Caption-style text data
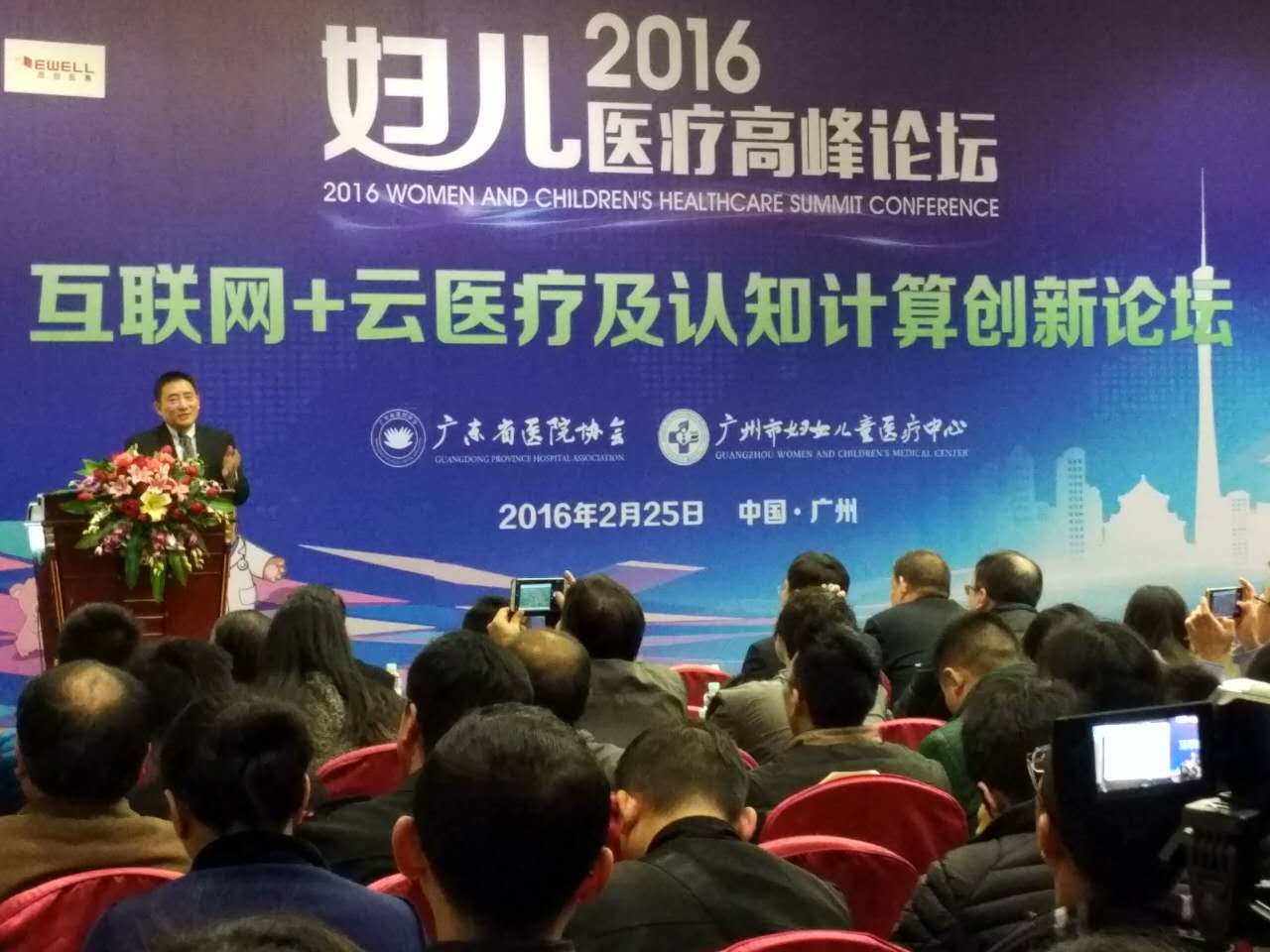 ������ʱ- �������ǲ�!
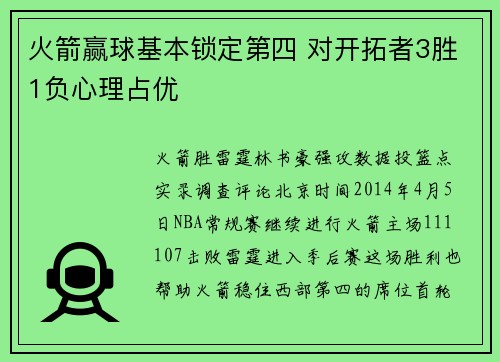 火箭赢球基本锁定第四 对开拓者3胜1负心理占优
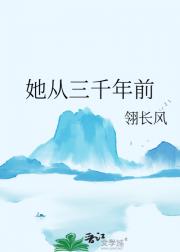 她从三千年前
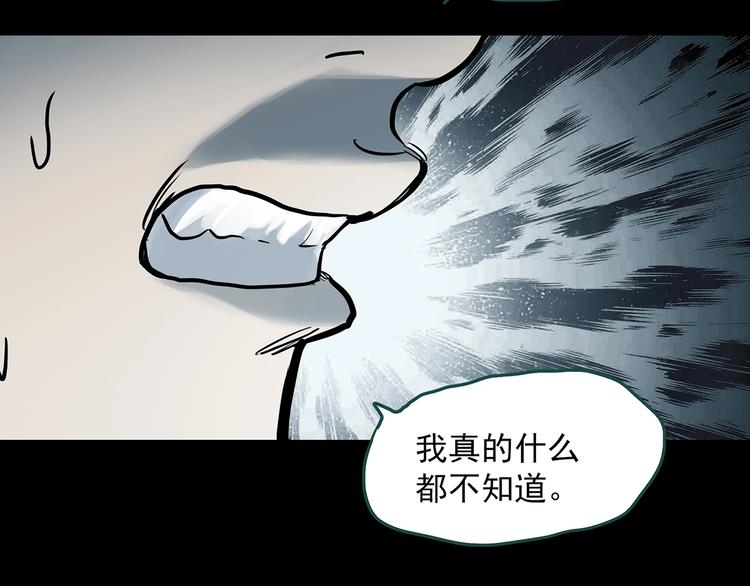 第320话 恶魔换脸术（三）82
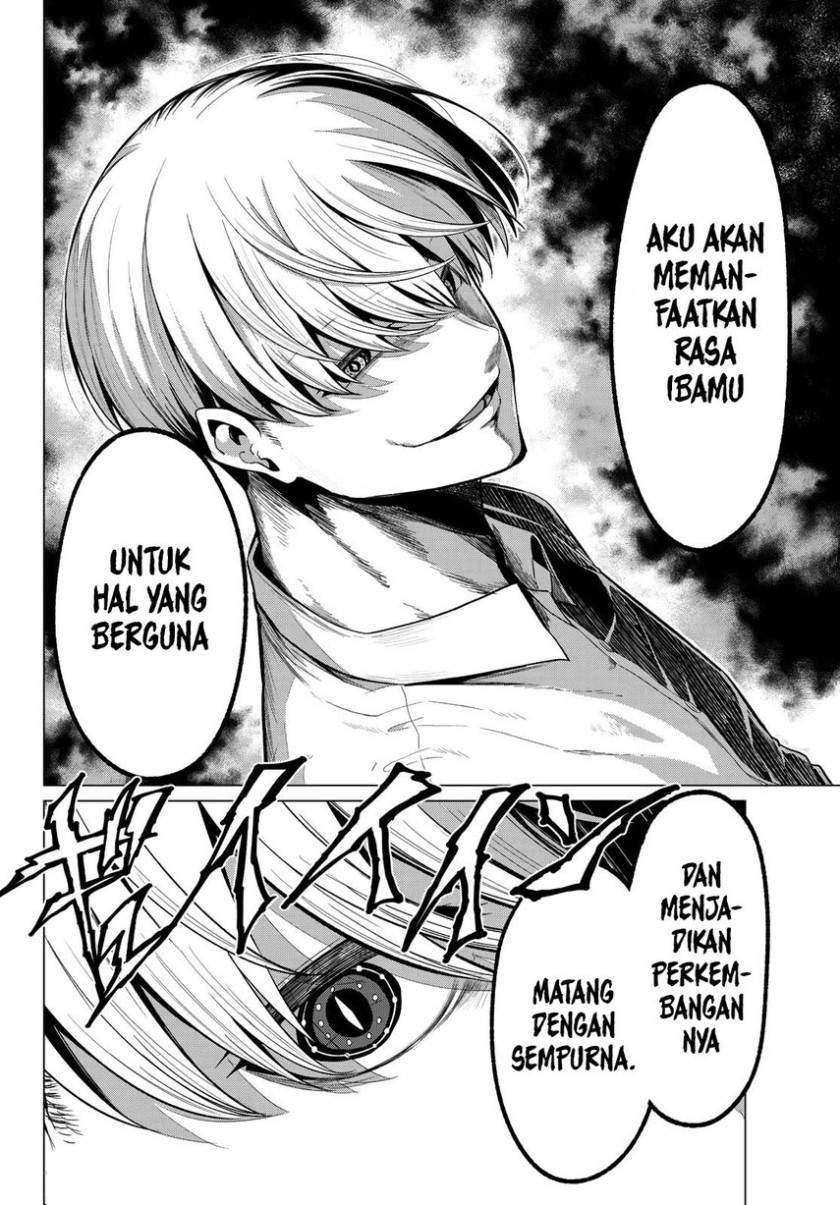 Koi ka Mahou ka Wakaranai! Chapter 31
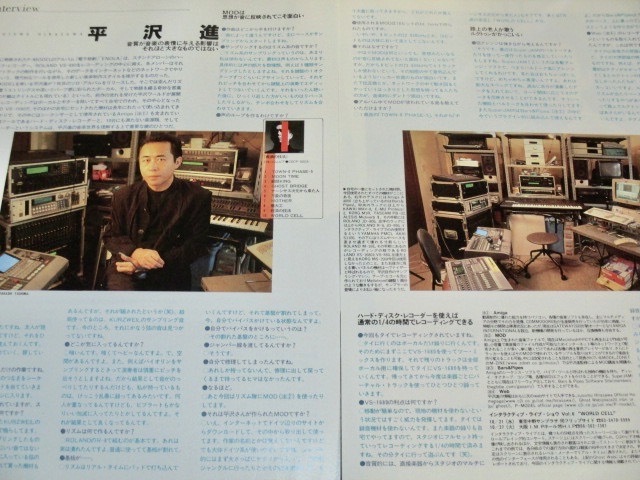 P-MODEL ピー・モデル 平沢進 中野テルヲ 切り抜き28ページの落札情報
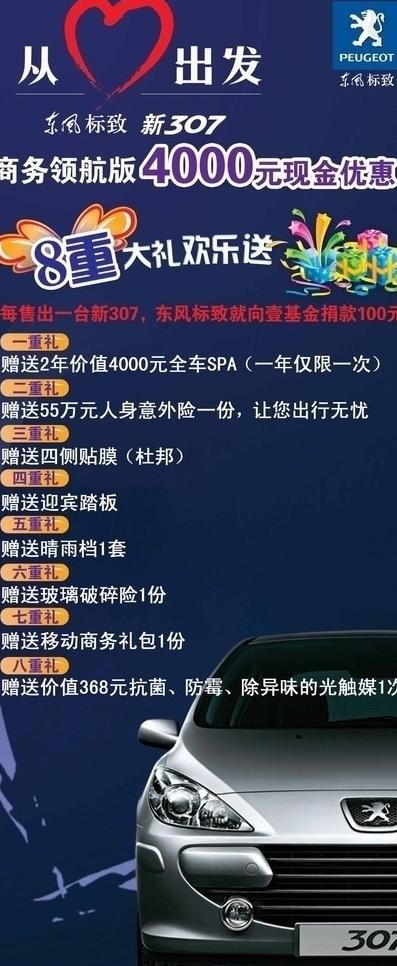 东风标致图片(2268X5102(DPI:72))psd模版下载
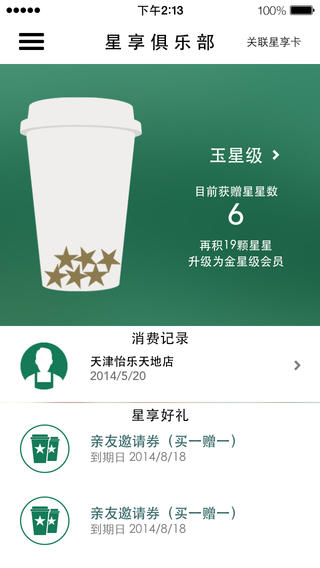 星巴克app-星巴克中国ios下载v3.0图1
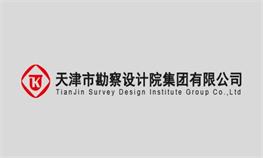 2022年pp电子集团“十佳青年”评比汇报资料——沉庆分公司王鑫森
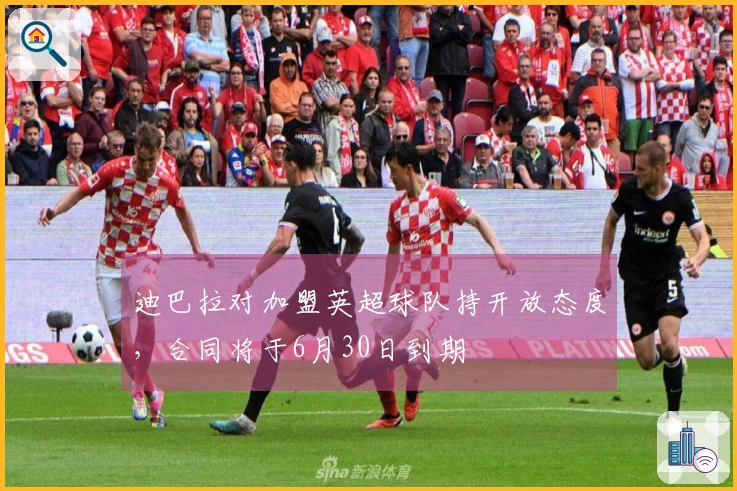 迪巴拉对加盟英超球队持开放态度，合同将于6月30日到期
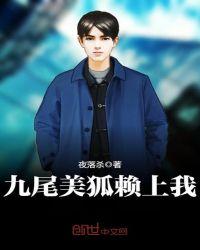 九尾美狐赖上我笔趣阁最新章节列表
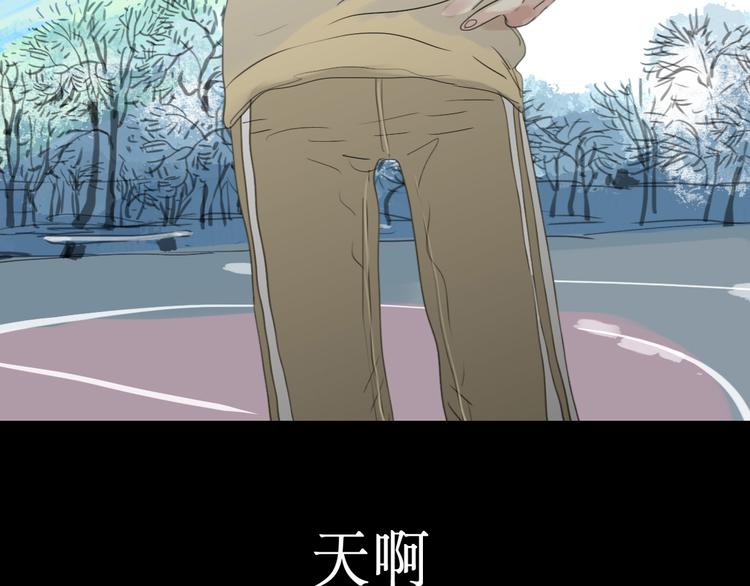 第4话 还以为我们再也不会见了-第3话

**Your goal**
Output the records above exactly as they are, leaving out the pictures.

**Exercise response**
 ������ʱ- �������ǲ�!
 火箭赢球基本锁定第四 对开拓者3胜1负心理占优
 她从三千年前
 第320话 恶魔换脸术（三）82
 Koi ka Mahou ka Wakaranai! Chapter 31
 P-MODEL ピー・モデル 平沢進 中野テルヲ 切り抜き28ページの落札情報
 东风标致图片(2268X5102(DPI:72))psd模版下载
 星巴克app-星巴克中国ios下载v3.0图1
 2022年pp电子集团“十佳青年”评比汇报资料——沉庆分公司王鑫森
 迪巴拉对加盟英超球队持开放态度，合同将于6月30日到期
 九尾美狐赖上我笔趣阁最新章节列表
 第4话 还以为我们再也不会见了-第3话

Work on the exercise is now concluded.